AK Parti Karadeniz Ereğli İlçe Başkanı Mehmet Fatih Çakır, 16 Nisan'da yapılacak olan halk oylaması öncesinde, Anayasada değişikliği öngörülen 18 madde ile ilgili vatandaşları bilgilendirmeye devam ediyor.

Çakır, beraberinde bazı Yönetim Kurulu Üyeleri, Gençlik Kolları Yönetimi ve partililerle birlikte İlçeye bağlı Şamlar Köyündeki Esentepe Pazaryerini ziyaret etti. Pazaryeri esnafına 'bereketli kazançlar' temennisinde bulunan Çakır, burada bir kıraathanede vatandaşlara hitap ederek, Cumhurbaşkanlığı Hükümet Sisteminin neler getireceğini anlattı.

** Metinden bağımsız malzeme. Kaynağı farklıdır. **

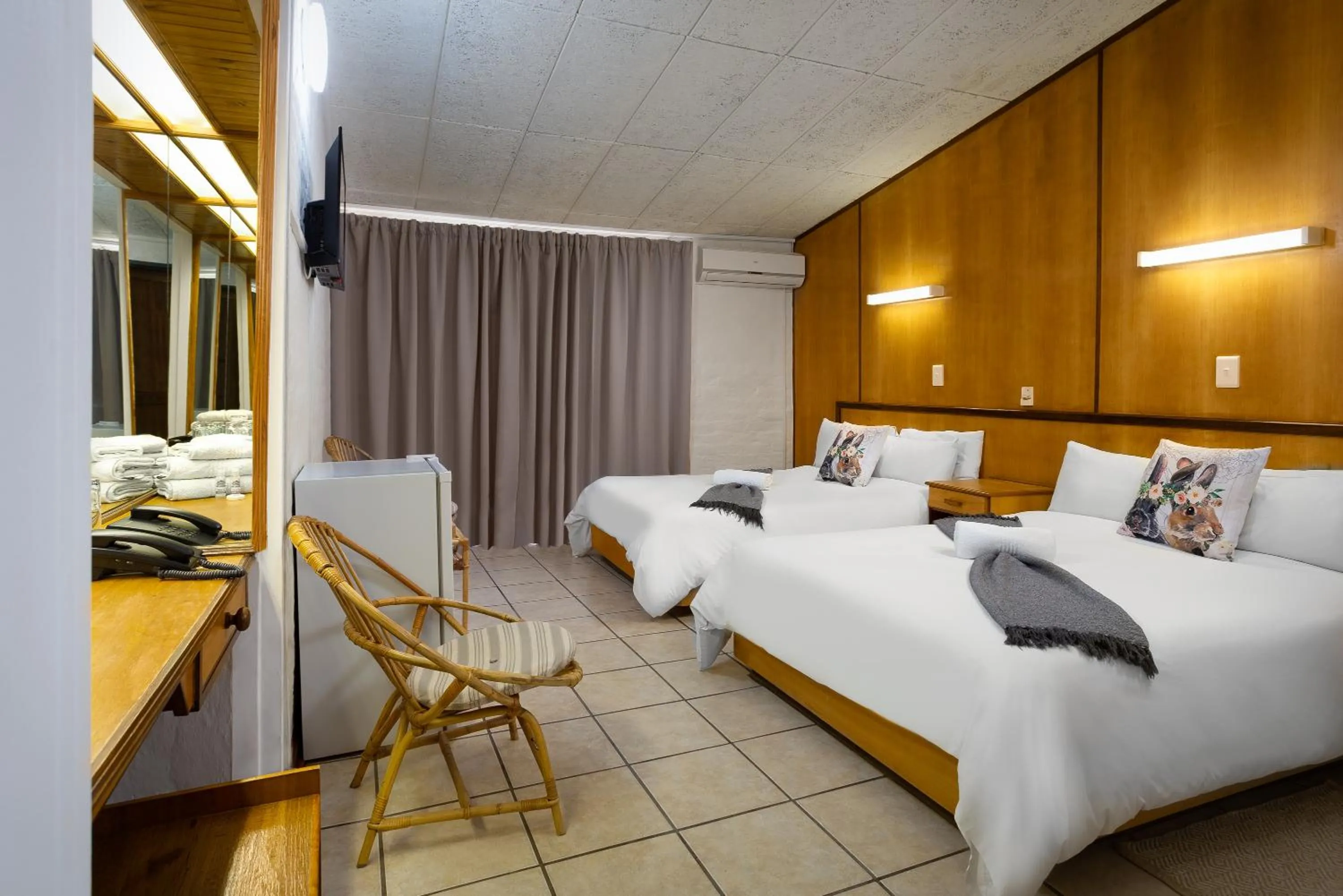 Bed in Merino Inn Hotel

Çakır, yaptığı konuşmasında şunları söyledi:

"16 Nisan bir Cumhurbaşkanlığı seçimi değil, Başbakan seçimi değil, bir Muhtarlık yada Belediye Başkanlığı seçimi değil. 16 Nisan, gelecek 100 yılımızın yönetim şekliyle ilgili bir halk oylamasıdır. Geleceğimize karar vereceğimiz bu 16 Nisan halk oylaması ile ilgili öncelikle geçmişimize bir bakmamız lazım. 1923 yılında Birinci Dünya Savaşı'ndan çıkmış, ardından Kurtuluş Savaşı'nda yedi düvele karşı savaşmış, erkeklerinin çoğunu şehit vermiş bir Türkiye Cumhuriyeti; ninelerimizle, bacılarımızla, çocuklarımızla güçlü bir devlet kurduk. 1950'lere kadar tek partili yönetimler oldu. 1950'de, halkın oylarıyla Adnan Menderes iktidar oldu. 10 yıl hizmet ettikten sonra, 1960 yılında kendini halkın yerine koyan, bu ülkenin sahibi gibi davrananlar tarafından hem görevden uzaklaştırıldı hem de idam edildi.

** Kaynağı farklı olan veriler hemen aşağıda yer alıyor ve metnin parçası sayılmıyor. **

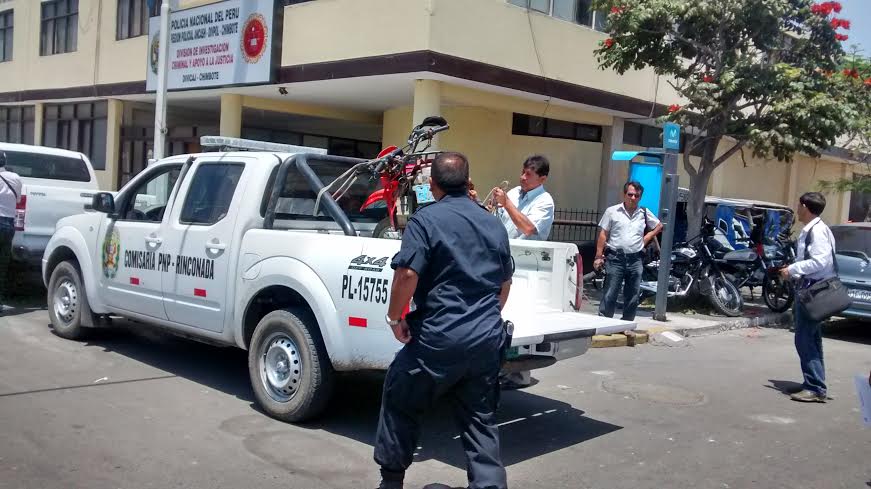 Efectivo policial se enfrentó a balazos contra seis delincuentes y frustró asalto en Santa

1960'dan sonra darbecileri koruyan bir Askeri Anayasa yapılıyor. Darbeciler sorgulanamıyor ve yargılanmıyordu. 1971'de bir Askeri Muhtıra daha yaşadık. Bundan sonra sivil yönetim devam etti. Kardeşi kardeşe, köylüyü köylüye 'sağcı diye solcu' diye çarpıştırıyorlar, bir de utanmadan 'darbenin olgunlaşmasını bekledik' diyorlar. 1980'de bir Askeri Darbe daha yaşadık. Cumhurbaşkanlığı seçiminde 200 tur yapılmasına rağmen Cumhurbaşkanı seçemeyen bir Türkiye vardı. 80'li yıllardan sonra 28 Şubat geldi. Faiz lobileri, hortumları kesildiği için askeriyenin içindeki bir kısımları kışkırtarak ve aynı zamanda vesayet odakları tarafından parti kapatma yasasından tutun da ellerinden gelen her türlü şeyi yaptılar. Bu hortumcular, yüzde 20 teşvik adı altından devlet bankalarından parayı alıyor, yüzde 120 faizle yine devlet bankasına parayı veriyordu. Arada yüzde 100 faiz alıp parayı cebine koyuyorlardı.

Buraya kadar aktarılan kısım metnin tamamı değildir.